__EXERCISE__.
The line with "Snapshot of MistressErza" marks the start; please set it down along with all later lines through the end of the material, exactly, leaving out pictures.

__DATA FOR PROCESSING__.
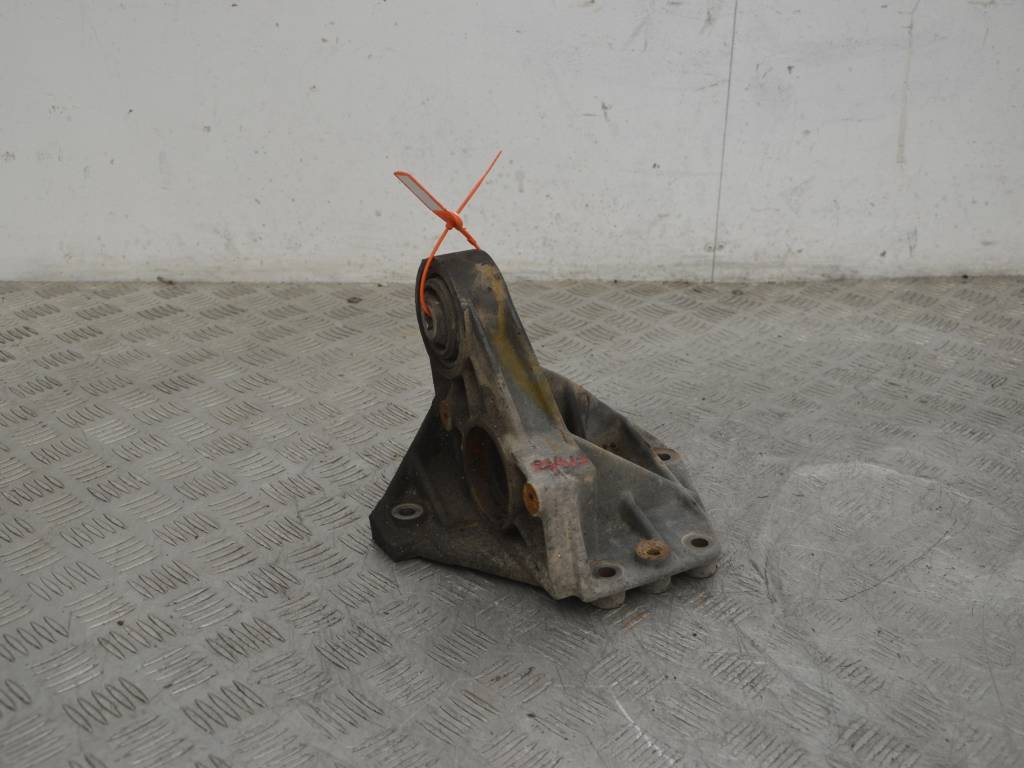 Кронштейн полуоси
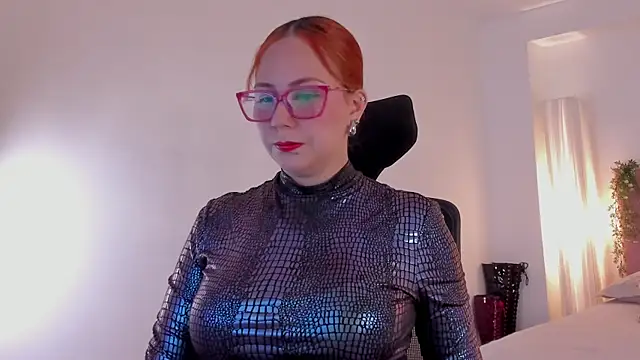 Snapshot of MistressErza chatting on June 2026 07:05:01 PM MistressErza online show from June 2026 07:05:01 PM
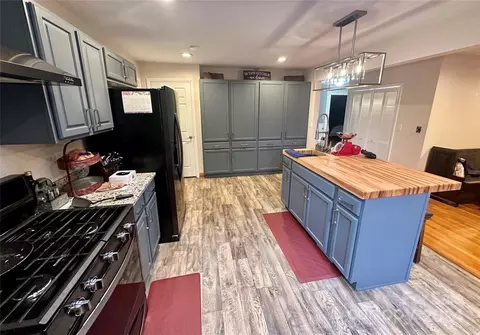 Kitchen - 4108 Johnson Rd, Jefferson, SC 29718 photo 2 of 2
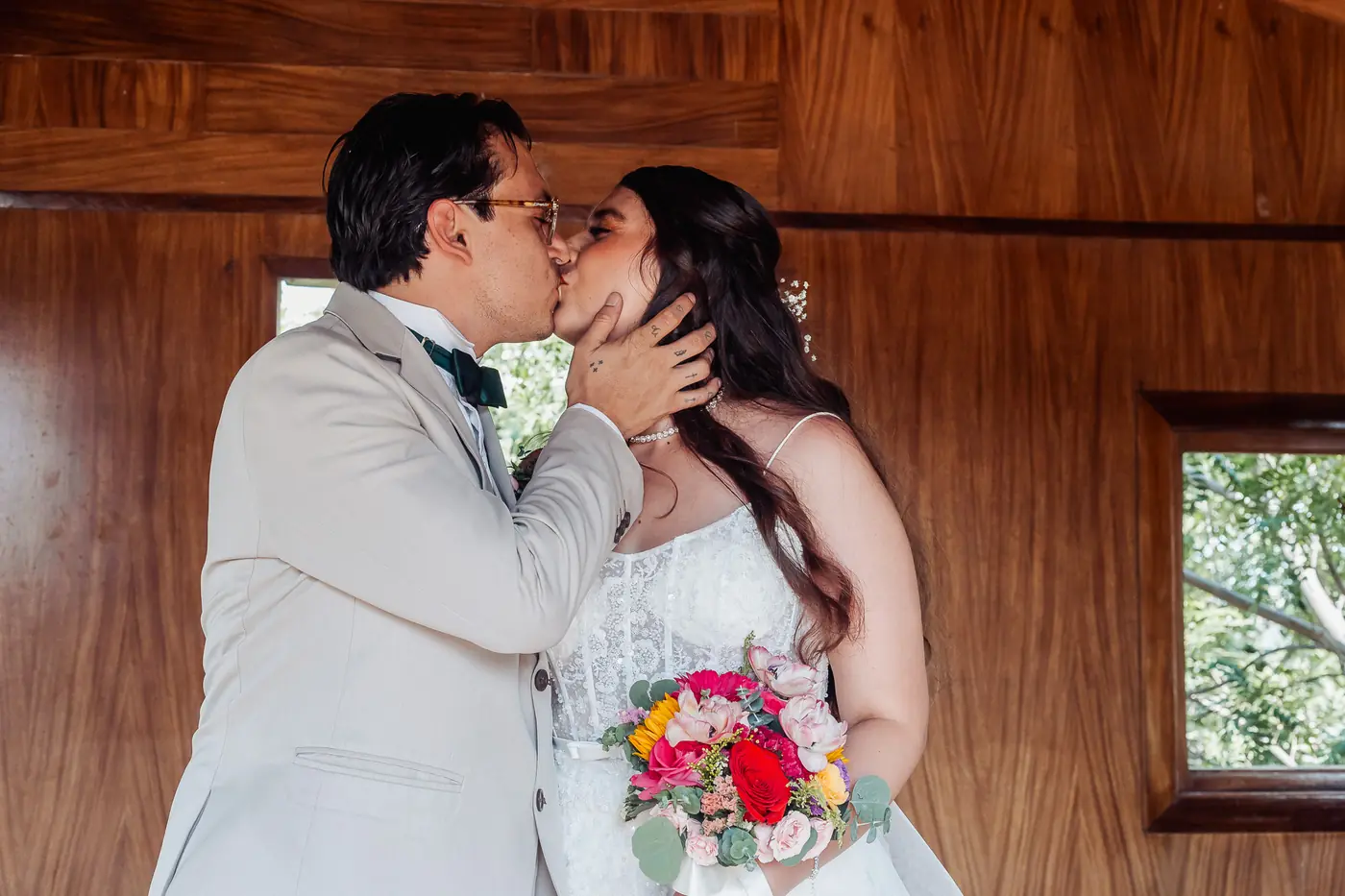 Beso de los novios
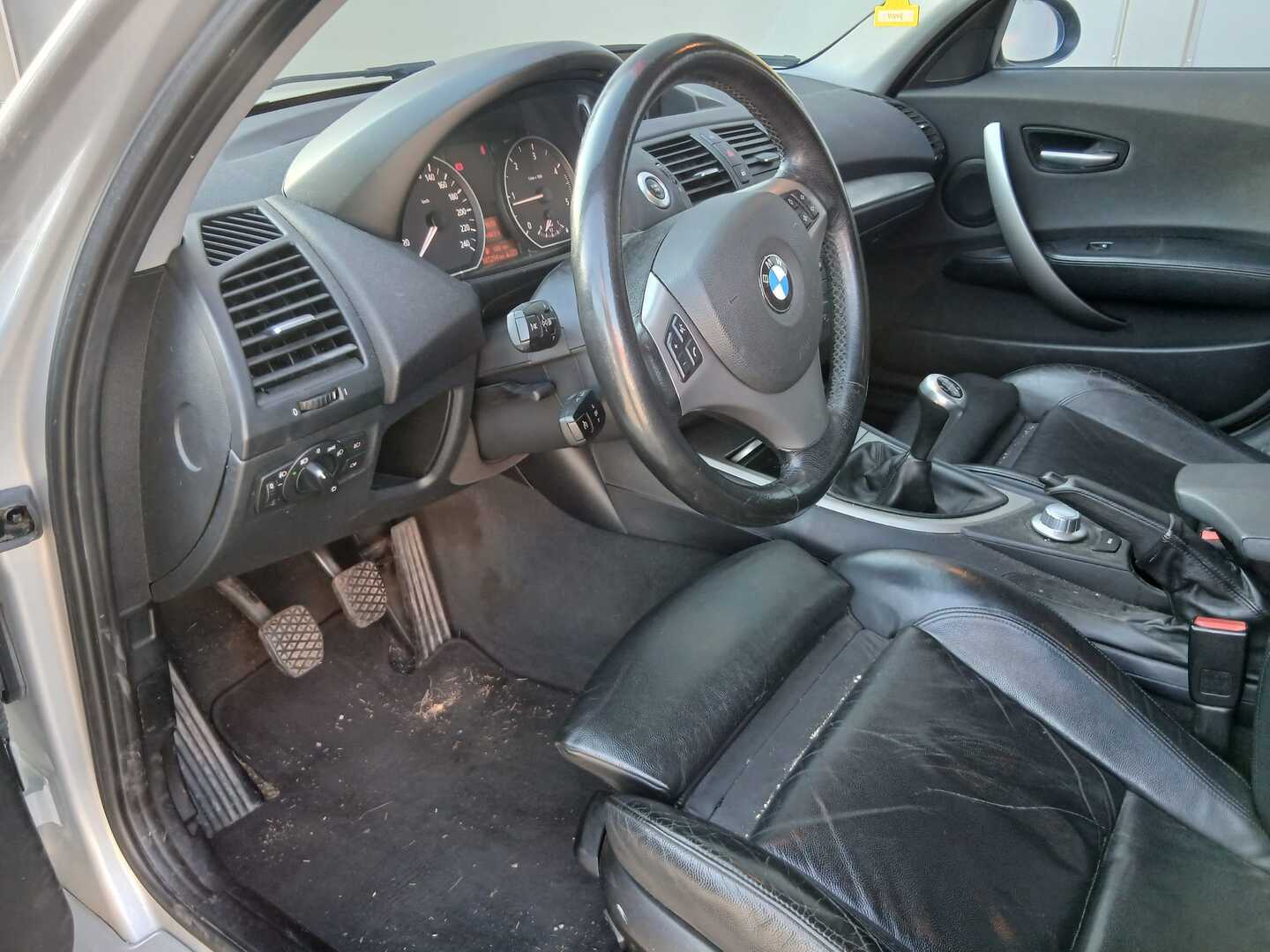 BMW 120 d BUSINESS 2005, photo 3/3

__SOLUTION BELOW__.
 Snapshot of MistressErza chatting on June 2026 07:05:01 PM MistressErza online show from June 2026 07:05:01 PM
 Kitchen - 4108 Johnson Rd, Jefferson, SC 29718 photo 2 of 2
 Beso de los novios
 BMW 120 d BUSINESS 2005, photo 3/3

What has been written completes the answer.